2月20日、都営浅草線の一部の駅にホームドアが設置されました。これにより都営地下鉄の全ての駅に整備されたことになります。

ホームドアの普及率はJRや私鉄全体で4割程度に留まっているなか、都営地下鉄は主要路線としては東急電鉄に次いで2例目となる完全ホームドア化を実現させました。そこには大きな課題をクリアするひらめきが…。

東京都交通局 岡本さん:「これは使えるんじゃないかとひらめいた。20億円ぐらいが270万円で済んだ」

国内で初めてホームドアが取り入れられたのは、1970年の大阪万博で会場内を走るモノレールでした。都内では1991年に開業した当時の営団地下鉄南北線で初めて整備され、自動運転を実施する兼ね合いから、ドアの形は安全のため天井まで高さがあるものが採用されています。その後、そのほかの鉄道各社では取り付けのしやすさなどから胸あたりまでの高さが一般的となりました。

そして2006年、公共施設の安全性向上を求める「バリアフリー法」施行をきっかけに、都は都営地下鉄4線全ての106駅でホームドアの設置に向け本格始動しました。それから18年、2月の全駅設置に大きく貢献したのが…
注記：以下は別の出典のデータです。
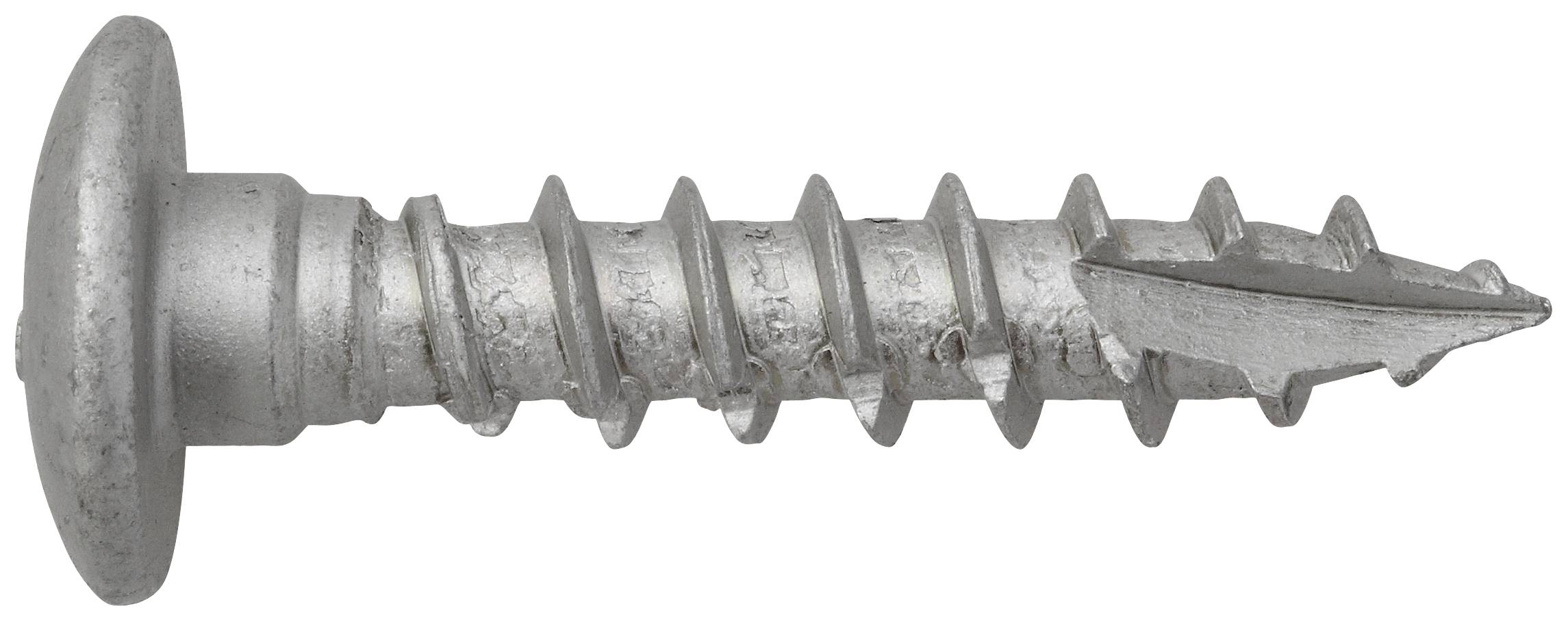 Silberne Schraube mit flachem Kopf und scharfen Gewinden, fotografiert auf weißem Hintergrund.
東京都交通局 岡本さん:「これがQRコードを読み取るカメラになります」

天井に設置されたカメラと車両の窓に張られた特殊なQRコードです。今までのホームドアは車両の動きとドアの開閉を連動するために、億単位の費用をかけてドアと車両の両方にセンサーを設置していました。この従来の方式からQRコードをカメラで読み取る形にしたことで、大幅なコストカットに成功したということです。

東京都交通局 岡本さん:「20億円ぐらいかかるよっていう試算だったんですけど、それが今(QRコードの)シール代ということで270万円で済んだということになります」

都営地下鉄でホームドアが一番最後に設置された都営浅草線は、東京都に加え京急、京成、北総、芝山鉄道と異なる鉄道事業者5社が相互直通運転を行っています。今回のQRコード装置の開発によって、本来、ホームドア整備に発生する費用約20億円を740分の1となる270万円まで抑えられた結果、各事業者側の負担が減り、駅への設置が加速したということです。
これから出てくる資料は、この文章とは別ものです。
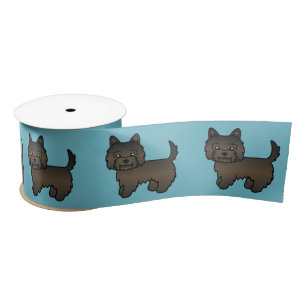 Donkere Brindle Cairn Terrier Cartoon Hond Op Blau Satijnen Lint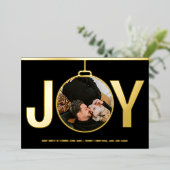 ジョイクリスマスホリデー妊娠告知金ゴールド 箔招待状 (立ち正面)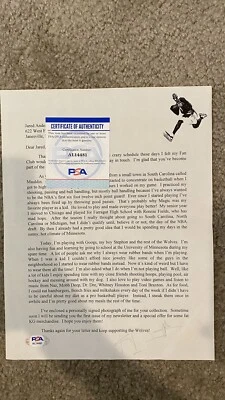 KEVIN GARNETT SIGNED AUTOGRAPHED 8X10 Letter Timberwolves PSA COA Rare - Image 1 of 2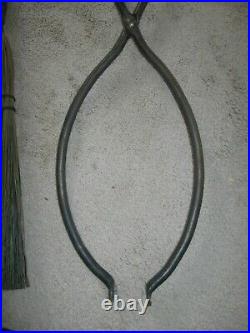 Antique 1908 Wrought Iron 6-Piece FIREPLACE TOOL SET Wall Hung. Beautiful Patina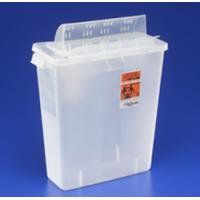 Kendall IN-ROOM Sharps Container with Always-Open Lids, 5 Quart, Transparent Red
東京都交通局 岡本さん:「QRコードのシステムそのものについてはどこの事業者でも使えるという形で公開していますので、(課題を)少しづつでも解決しながらホームドアを推進していきたい」

東京都はQRコードのシステムを他社にも無償提供していて、既に京急電鉄や小田急電鉄の一部の駅で採用されています。

都営地下鉄各線では設置後転落事故がほぼなくなるなど、駅の安全性向上につながるホームドア。その他の路線でも全駅設置に向け整備が進められています。

都営地下鉄が全駅の設置を完了させたホームドアについて、都内の鉄道各線の状況をまとめました。都が調査した去年3月末の数値では、都営地下鉄や東京メトロといった地下鉄は高い設置率を示していますが、その一方でJRやその他私鉄各線の駅ではホームドアの設置率は4割に届いていません。

このような設置率に差が出てしまう理由について、交通政策に詳しい日比野教授は、JRや私鉄は地下鉄に比べて古い駅が多く、ホームの広さや強度が設置に充分でない箇所がある点、列車の本数や乗り入れ車両が多く運行間隔を調整する必要がある点、また利用者数が少ない鉄道ではコストの問題などを背景にホームドア設置率が低いと指摘しています。

その上で今後の設置率について、労働人口の減少が進み自動運転やワンマン運転が増えれば、安全上の問題などから、重要性が増すホームドアを技術の進歩やコストカットなどもふまえ、効率よく設置させていく必要があるとしています。